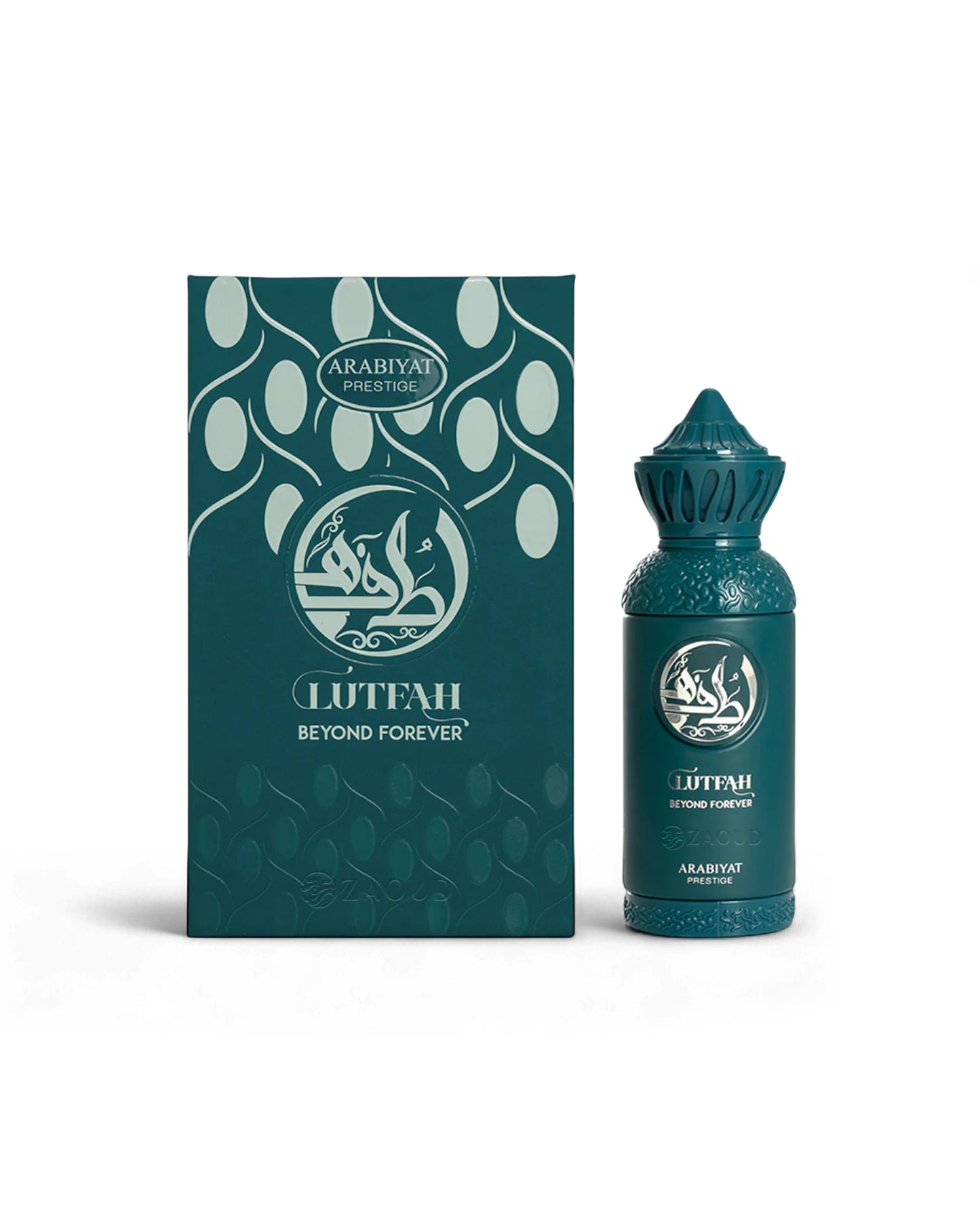 lutfah beyond forever perfume bottle shows beside its box against white background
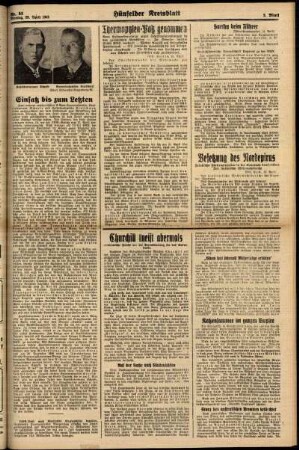 Zweite Ausgabe vom Montag, den 28. April 1941.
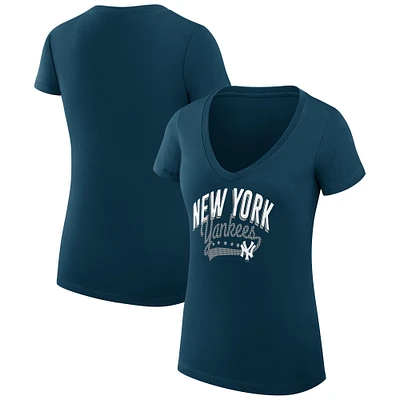 Women's G-III 4Her by Carl Banks Navy New York Yankees Super-Slim Fit Lightweight Filigree Team V-Neck T-Shirt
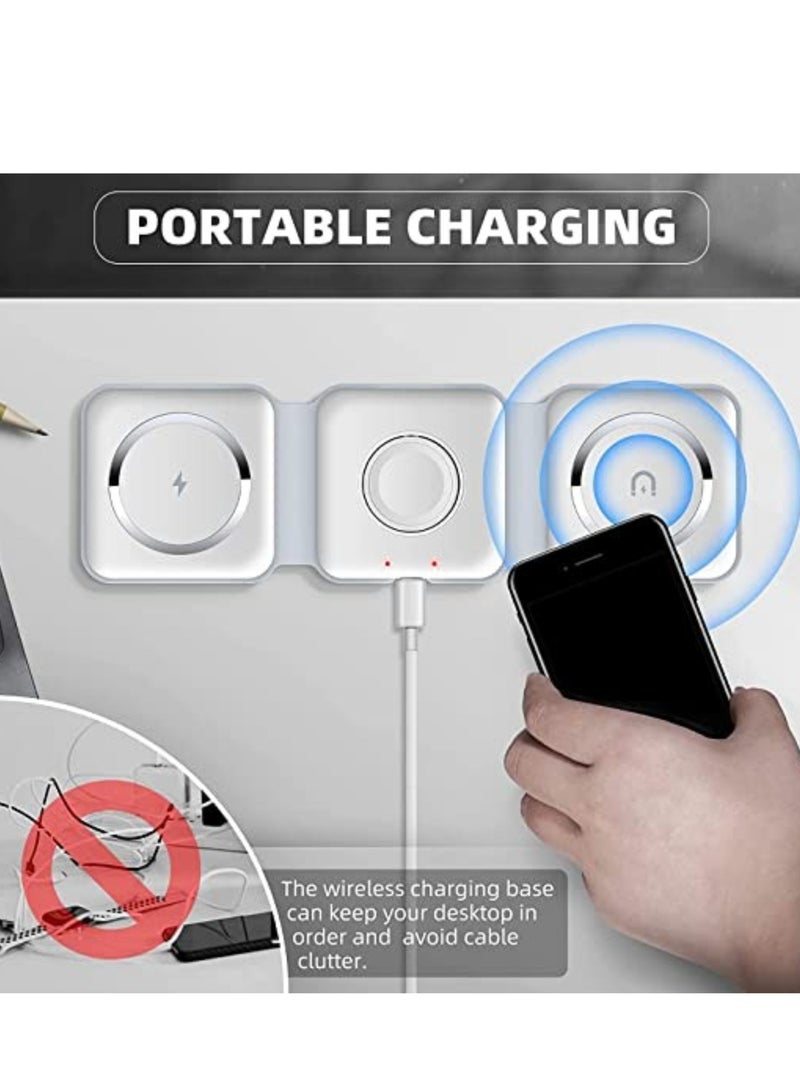 ELTRAZONE 3 in 1 Wireless Charging Station, Upgrade Foldable Wireless Charger Magnetic Fast Wireless Charging Pad, Compatible with iPhone 14/13/12/11 Series, Apple Watch, AirPods Pro (White) - Image 2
· · ·
- Problem to work on:
Because the copy must hold no pictures, return only the lines that run from the line containing "Women's G-III 4Her" to the end of the data above, each exactly as it stands.

- Final answer:
 Women's G-III 4Her by Carl Banks Navy New York Yankees Super-Slim Fit Lightweight Filigree Team V-Neck T-Shirt
 ELTRAZONE 3 in 1 Wireless Charging Station, Upgrade Foldable Wireless Charger Magnetic Fast Wireless Charging Pad, Compatible with iPhone 14/13/12/11 Series, Apple Watch, AirPods Pro (White) - Image 2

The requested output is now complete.